Consideration of the issues

  1. The power of the Court to set aside a bankruptcy notice derives from s.30 of the Bankruptcy Act, augmented by other provisions such as s.41. The power to extend time for compliance with a bankruptcy notice carries with it the power to set the notice aside.

  2. Section 41(6A) of the Bankruptcy Act relevantly provides that:

    “… where, before the expiration of the time fixed for compliance with the requirements of a bankruptcy notice, proceedings to set aside the judgment or order in respect of which the bankruptcy notice was issued have been instituted by the debtor or an application has been made to the bankruptcy court to set aside the bankruptcy notice, the Court may, subject to subsection (6C), extend the time for compliance with the bankruptcy notice.”

  3. Subsection (6C) relevantly provides that:

    “… where a debtor applies to the Court for an extension of time for complying with a bankruptcy notice on the ground that proceedings to set aside the judgment or order in respect of which the bankruptcy notice was issued have been instituted by the debtor and the Court is of the opinion that the proceedings to set aside the judgment or order have not been instituted bona fide, or are not being prosecuted with due diligence, the Court shall not extend the time for compliance with the bankruptcy notice.”

  4. It is well settled that s.41(6A) is the sole source of power in the Court to extend time for compliance with the requirements of the bankruptcy notice. The institution of proceedings to set aside the judgment, or the making of the application to set aside the bankruptcy notice under s.30, before the time for compliance with the bankruptcy notice expires, is a jurisdictional requirement, without which the Court cannot extend time for compliance. In the present case, the jurisdictional requirement is met in that the application to set aside the bankruptcy notice was filed in this Court on 13 July 2001 in respect of the bankruptcy notice served upon the applicant on 24 June 2001.

  5. It is, of course, a prerequisite to an application for an extension of time based upon proceeding to set aside the judgment upon which the bankruptcy notice is based, that the proceedings are in reality proceedings to set aside that judgment.  The Full Federal Court has recently confirmed that an appeal is such a proceeding: Conway v Jackson [2001] FCA 230. There is no authority available to me as to whether an application to set aside a judgment on the basis of the discovery of fresh evidence is such a proceeding. It is, however, clear to me from the applicant’s statement of claim in the current equity proceedings that he is seeking to set aside the relevant orders of Einstein J and the Court of Appeal, and I find that the current equity proceedings are proceedings to set aside the judgment supporting the bankruptcy notice.

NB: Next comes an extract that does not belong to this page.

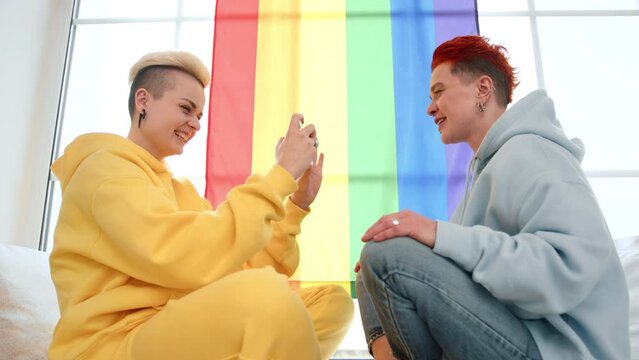In a serene domestic setting, one woman lovingly captures her partner's image on her phone as they sit by a large window draped with the iconic LGBT flag, their home a haven of pride and love.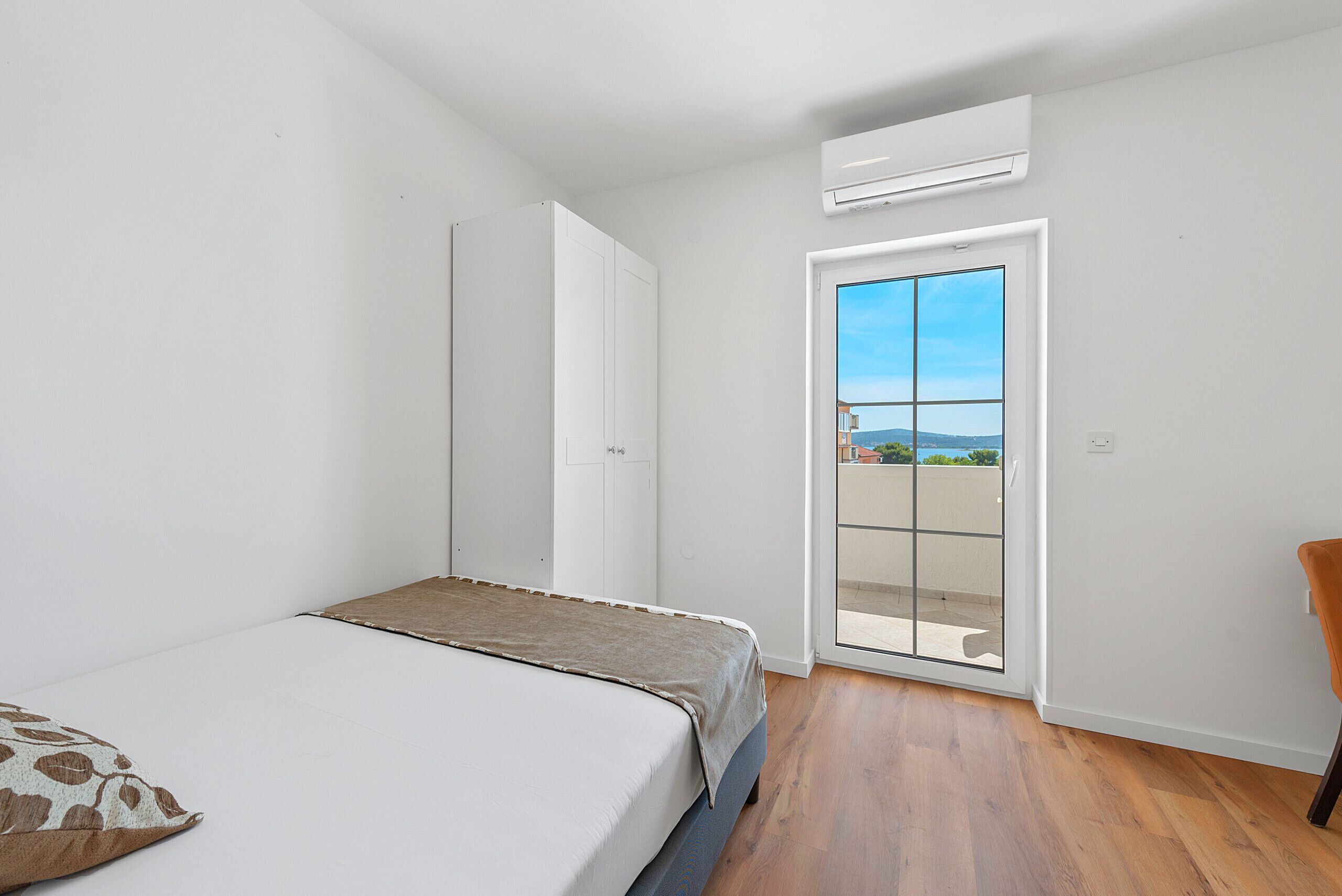 Un dormitorio con cama, armario y puerta corrediza de vidrio a un balcón.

  6. Once the pre-requisite in s.41(6A)(a) or (b) is fulfilled, the discretion conferred on the Court by s.41(6A) to extend time for compliance is “at large”, subject only to the fact that the Court may not extend time if it makes one of the findings of fact provided for by s.41(6C). Nevertheless, orders for extension of time will not be made as a matter of course. Grounds must be shown. The existence of the power to extend time is an aid of the setting aside of the notice itself. The power to set aside the notice and the power to extend time for compliance are necessarily related. As a result, matters relevant to the judgment on which the bankruptcy notice is based, including whether there exists grounds for the Court to go behind the judgment, are relevant in deciding whether to extend time for compliance.

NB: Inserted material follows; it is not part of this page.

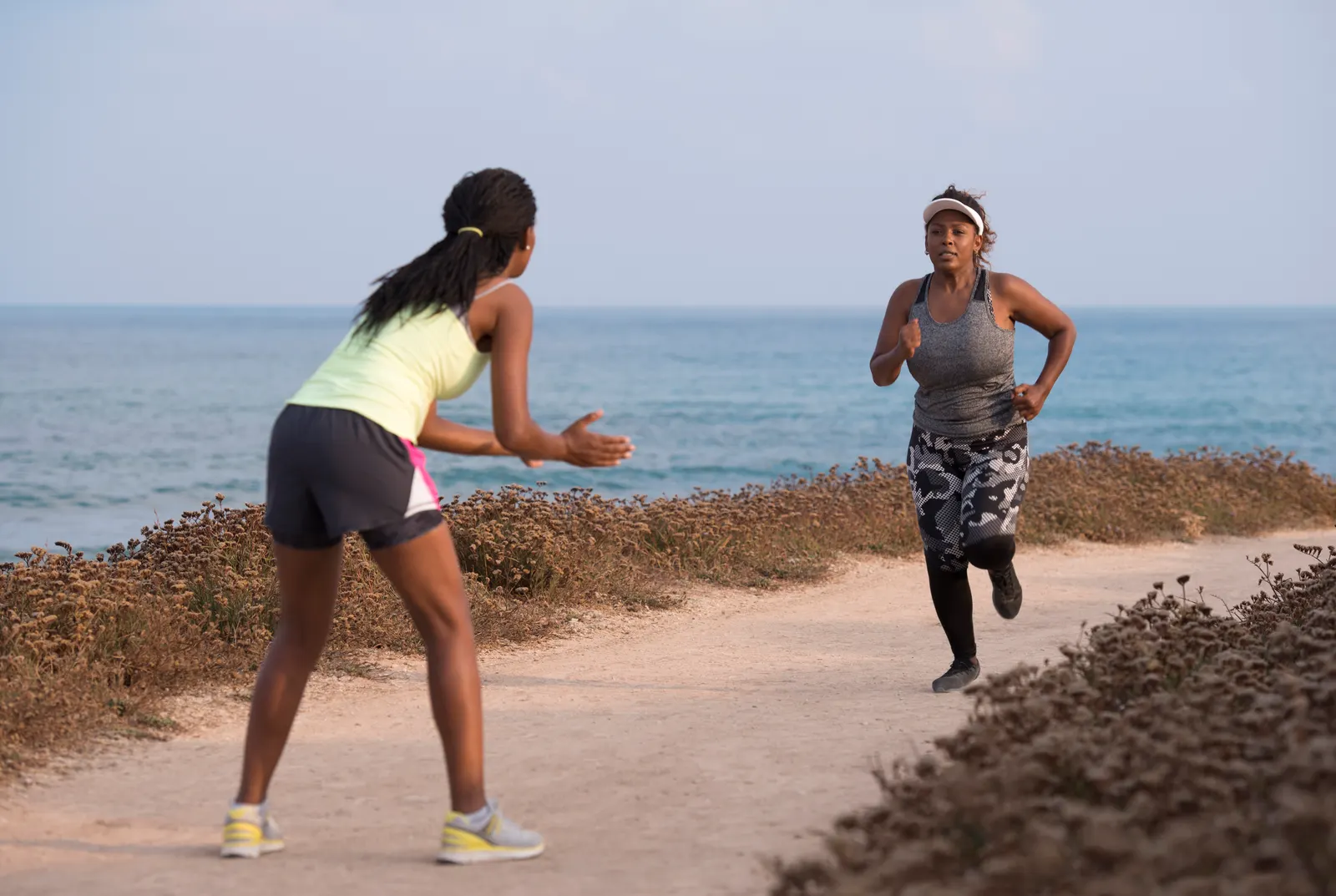 Com o mar ao fundo, uma personal trainer de roupa de academia incentiva com palmas uma mulher que corre à sua frente. A corredora usa o mesmo tipo de roupa e uma viseira. A cena representa o estrangeirismo 'Personal Trainer'.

  7. It would be an unusual case which justified the bankruptcy court going behind the judgment on which the bankruptcy notice is based to set aside the bankruptcy notice without waiting for the outcome of proceedings to set aside the judgment supporting the bankruptcy notice.  The circumstances in which a bankruptcy court will go behind a judgment to set aside a bankruptcy notice are strictly confined.   The usual course, if the Court were minded to accept that there was some problem with the judgment debt, which was to be resolved in proceedings to set aside the relevant judgment, would be to extend time for compliance with the bankruptcy notice until those other proceedings had been resolved.  Mr Chippindall, in his written submissions, has conceded that the application is primarily an application for an extension of time.

  8. It is important to bear in mind that the principles to be applied, where the question is whether a petition should be adjourned or dismissed, are not necessarily those which should guide the exercise of the discretion to set aside, or extend time for compliance with, a bankruptcy notice, because the commission of an act of bankruptcy is of a different order of gravity from the change of status brought about by the making of a sequestration order: Byron v Southern Star Group Pty Ltd (1997) 73 FCR 264 at 270. Accordingly, while in the case of a creditor’s petition the existence of a genuine and arguable appeal may be grounds for an adjournment or dismissal, the Court should generally only extend time for compliance with the bankruptcy notice on the ground of the existence of an appeal (or other proceedings to set aside the judgment supporting the bankruptcy notice) where no stay has been obtained or sought in an exceptional case. Nor is it necessarily sufficient that there is a dispute as to the debt genuinely based on substantial grounds.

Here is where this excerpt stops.